**Work to complete**
The task calls for an exact retyping of the lines from the one holding "three windmills Mandraki" through the end of the listing, with pictures omitted and nothing added.

**Input material**
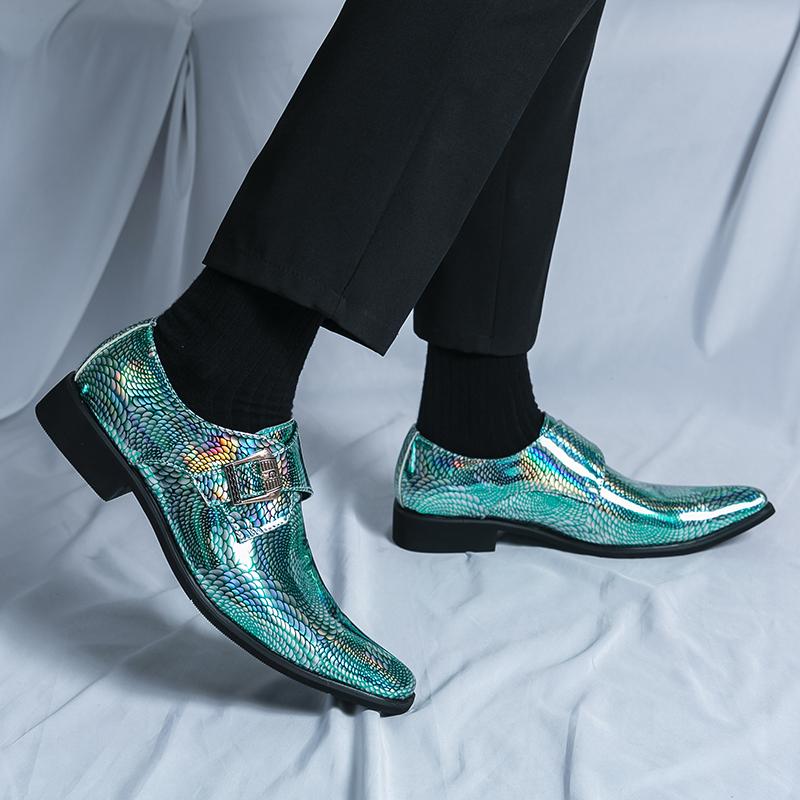 Мода Новые Дизайнерские Модные Мужские Туфли Оксфорды с Ремешком Монк из Змеиной Кожи Мокасины Свадебные Выпускные Вечерние Туфли Zapatos Hombre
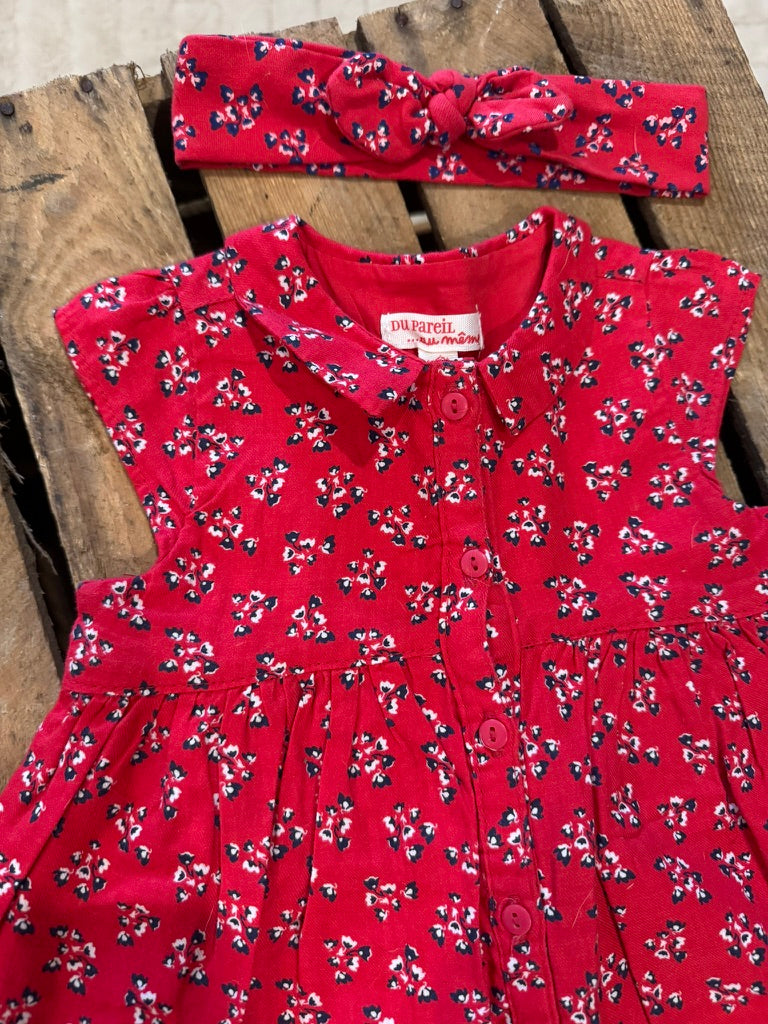 Robe "fleurs"+ bandeau rouge Du Pareil au Même 6 mois ♻️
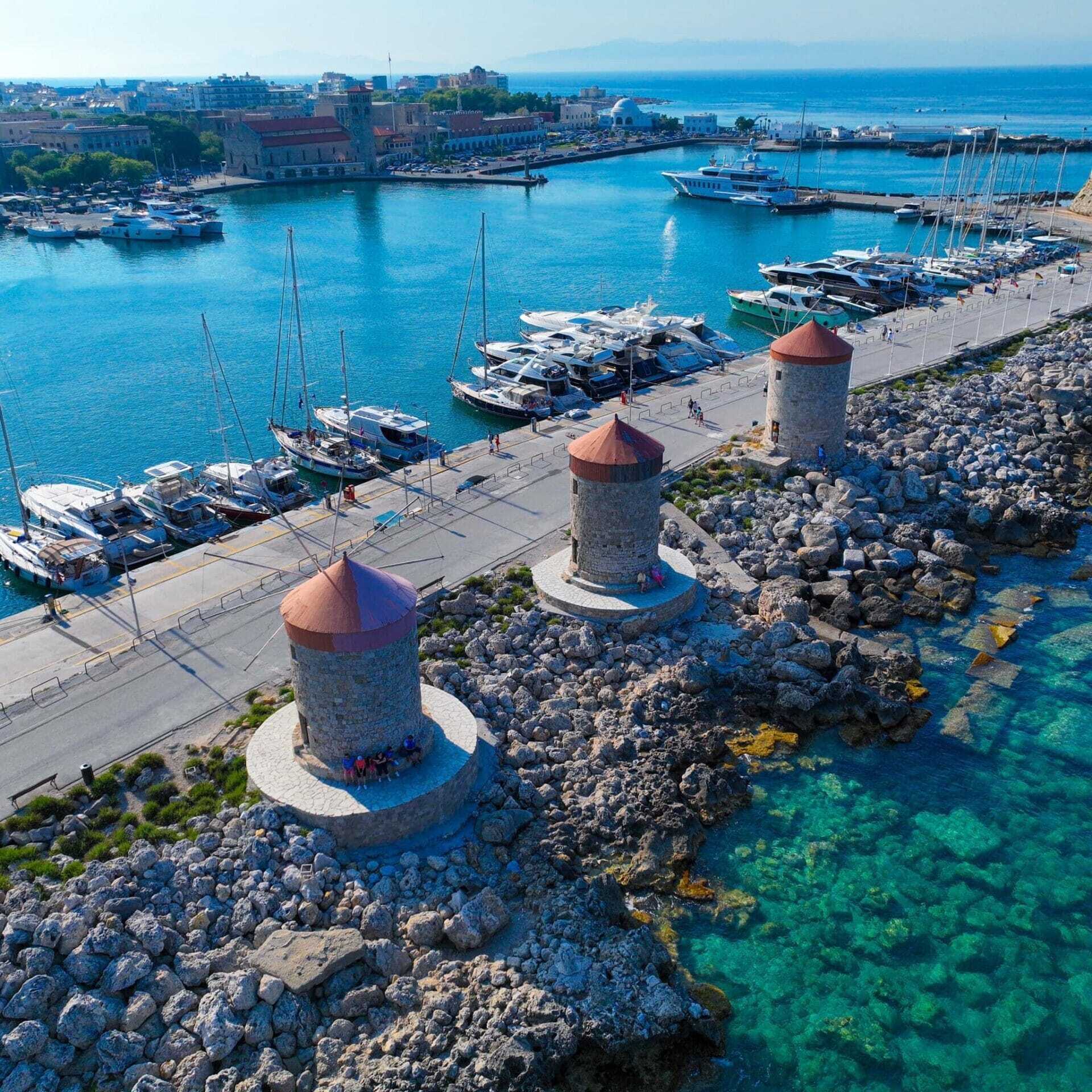 three windmills Mandraki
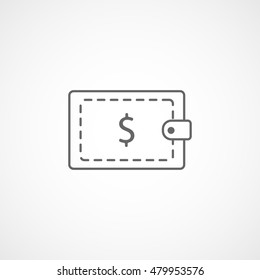 Wallet Line Icon On White Background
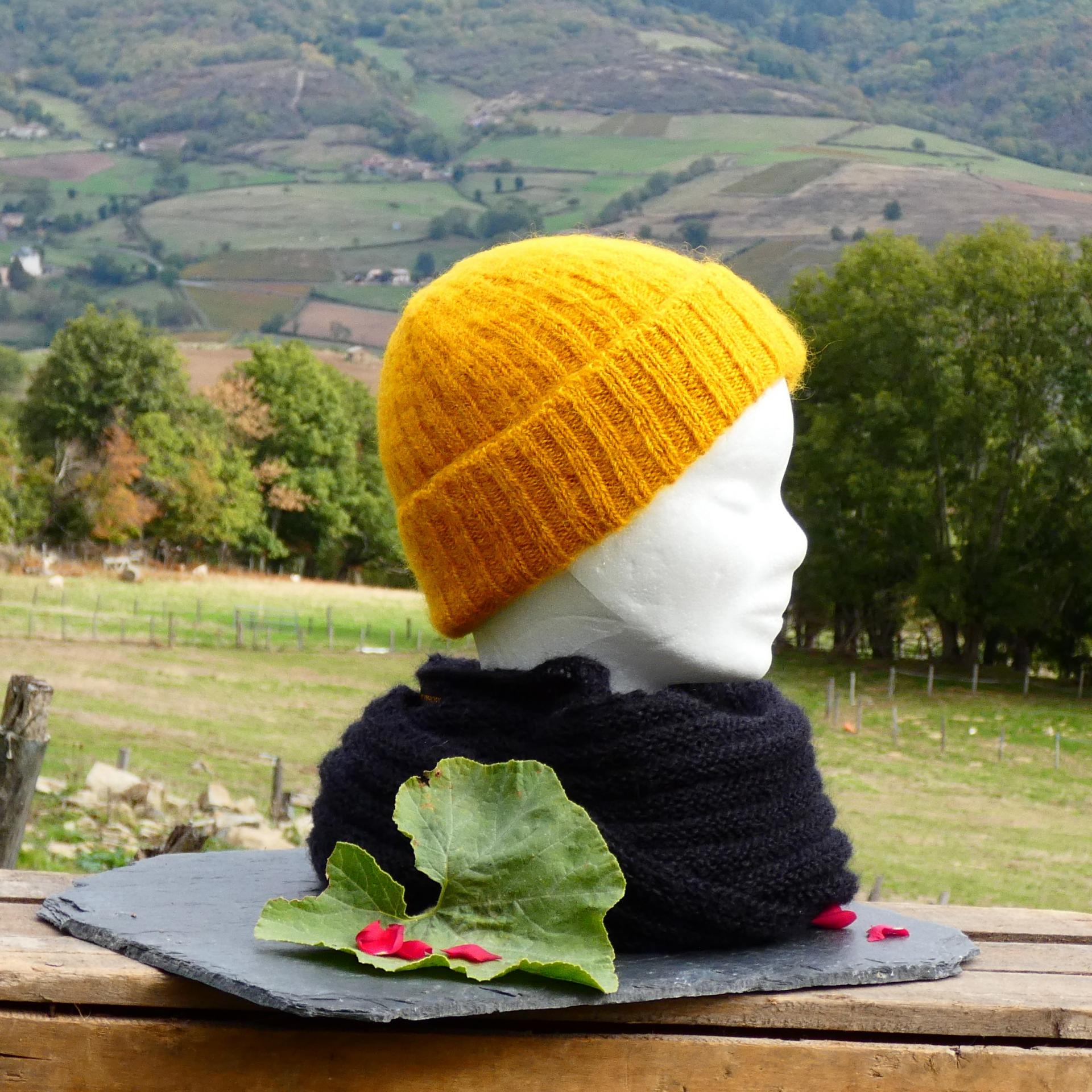 Bonnet Mohair élégance mangue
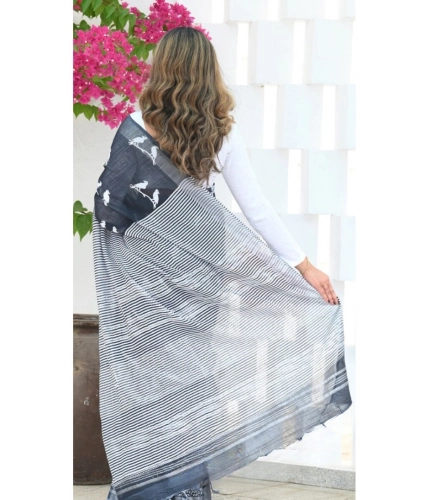 Generic Women's Silk Printed Saree With Unstitched Blouse 5.5Mtr (Black)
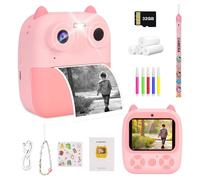 FOTOCAMERA ISTANTANEA BAMBINI DIGITALE HD 1080P 4 ROTOLI SCHEDA SD DOPPIA LENTE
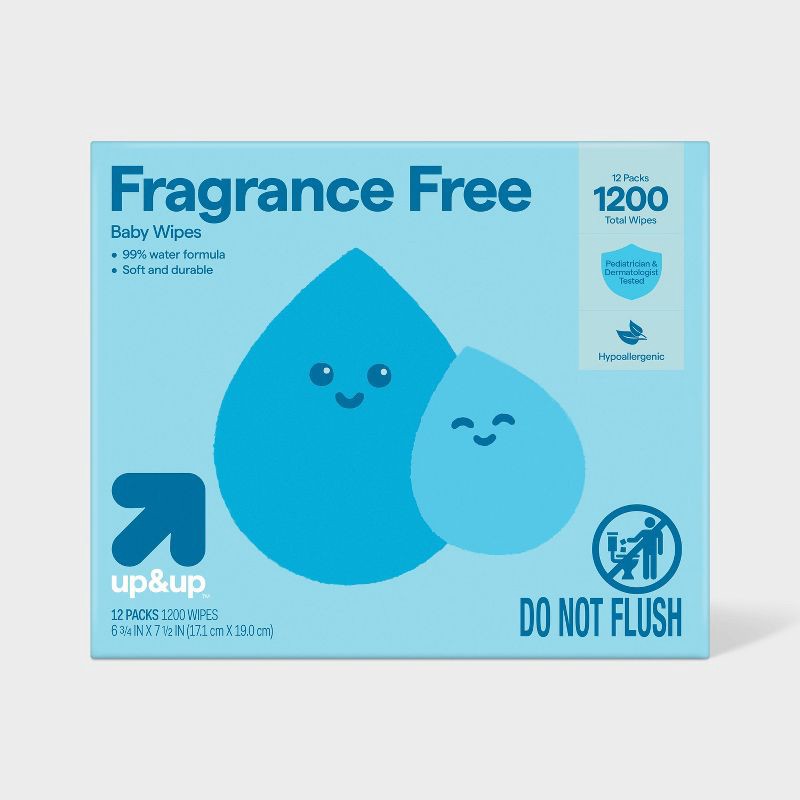 slide 1 of 8, Fragrance Free personal Baby Wipes - 12pk/1200ct - up&up™, 12 ct, 1200 ct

**The completed task**
 three windmills Mandraki
 Wallet Line Icon On White Background
 Bonnet Mohair élégance mangue
 Generic Women's Silk Printed Saree With Unstitched Blouse 5.5Mtr (Black)
 FOTOCAMERA ISTANTANEA BAMBINI DIGITALE HD 1080P 4 ROTOLI SCHEDA SD DOPPIA LENTE
 slide 1 of 8, Fragrance Free personal Baby Wipes - 12pk/1200ct - up&up™, 12 ct, 1200 ct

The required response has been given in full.